*** Data block
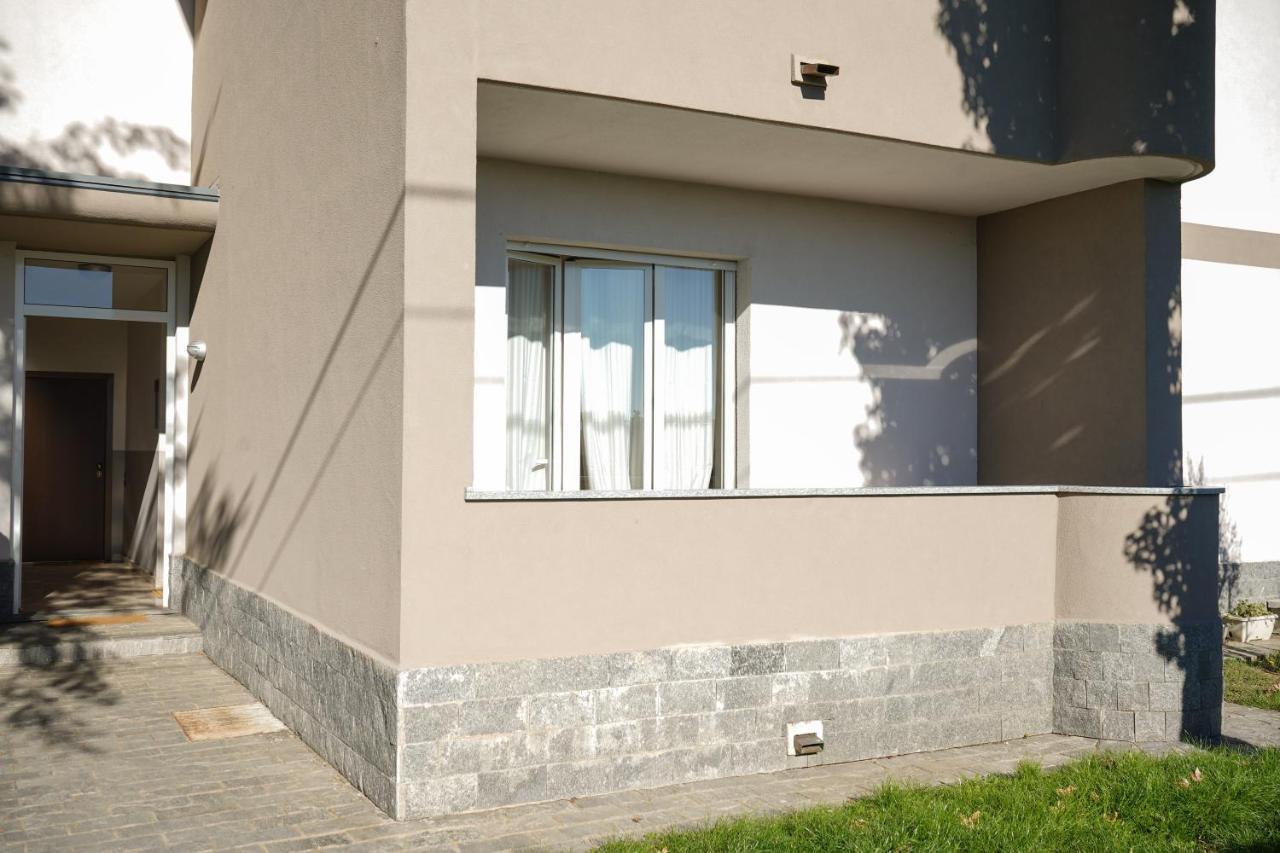 10 Min From The Airport-Wifi-Free Parking Apartman Samarate Kültér fotó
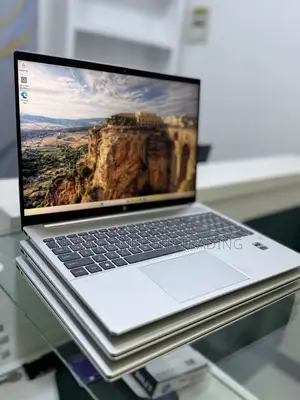 New Laptop HP Pavilion 15 16GB Intel Core i7 SSD 1T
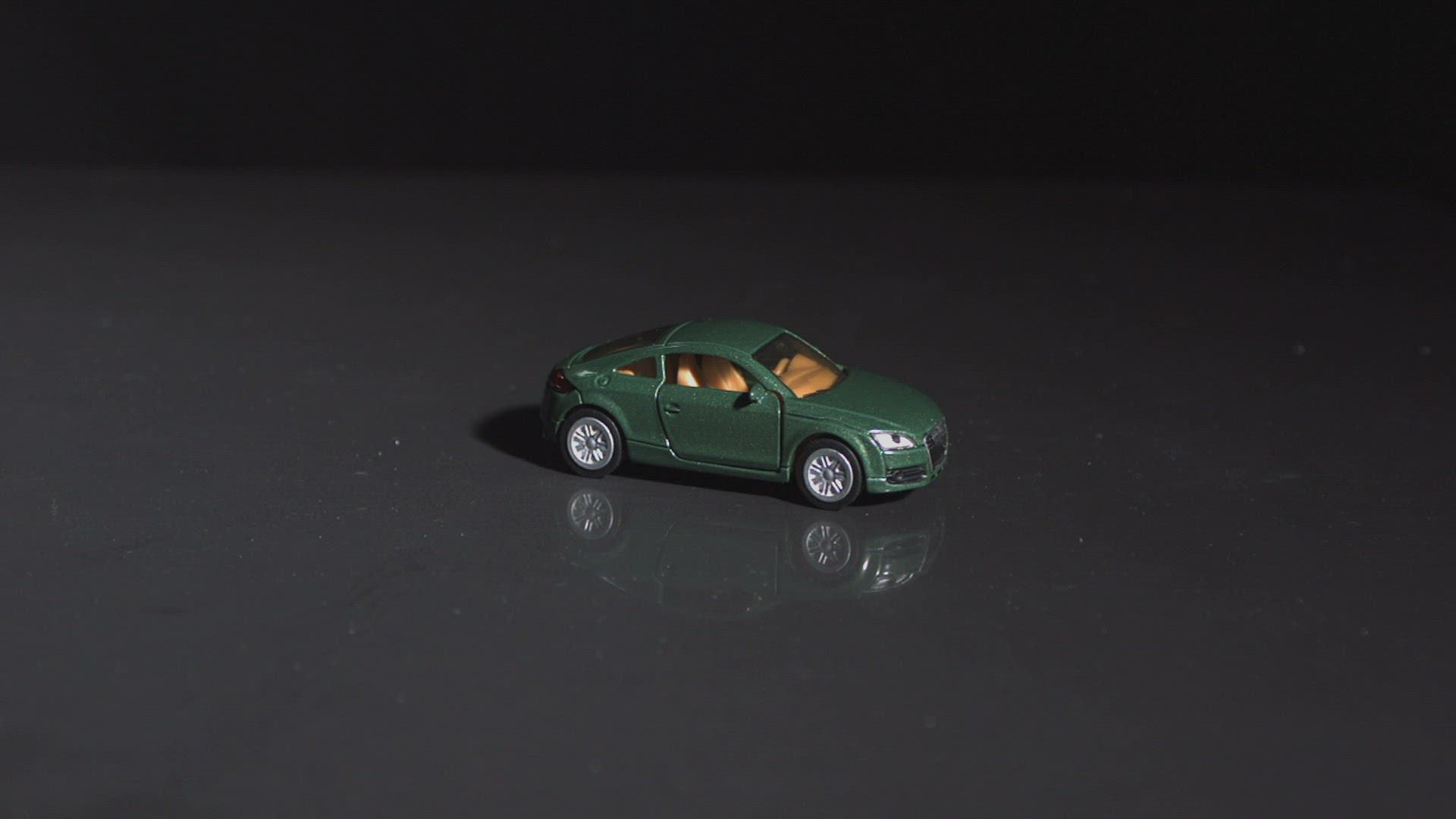 134398353 / Crash / Moving / Impact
******
**Task brief**
Beginning with the line that holds "New Laptop HP", output each line to the end of the material above, exactly, omitting the pictures.

**Task response**
 New Laptop HP Pavilion 15 16GB Intel Core i7 SSD 1T
 134398353 / Crash / Moving / Impact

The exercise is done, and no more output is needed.